• [Source records]
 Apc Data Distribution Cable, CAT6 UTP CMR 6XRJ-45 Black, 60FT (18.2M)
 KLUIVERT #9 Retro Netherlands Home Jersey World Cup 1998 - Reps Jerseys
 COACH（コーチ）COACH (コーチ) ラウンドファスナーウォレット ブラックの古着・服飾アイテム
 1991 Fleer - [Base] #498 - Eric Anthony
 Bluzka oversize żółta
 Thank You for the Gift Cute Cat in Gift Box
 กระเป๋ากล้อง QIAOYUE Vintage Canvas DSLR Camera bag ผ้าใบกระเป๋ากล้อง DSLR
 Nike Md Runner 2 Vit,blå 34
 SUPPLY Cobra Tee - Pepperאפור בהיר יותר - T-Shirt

• [Prompt] Every line between the one that contains "กระเป๋ากล้อง QIAOYUE Vintage" and the last line of the listing, both included, should be retyped exactly, with nothing else added.

• [Task output]
 กระเป๋ากล้อง QIAOYUE Vintage Canvas DSLR Camera bag ผ้าใบกระเป๋ากล้อง DSLR
 Nike Md Runner 2 Vit,blå 34
 SUPPLY Cobra Tee - Pepperאפור בהיר יותר - T-Shirt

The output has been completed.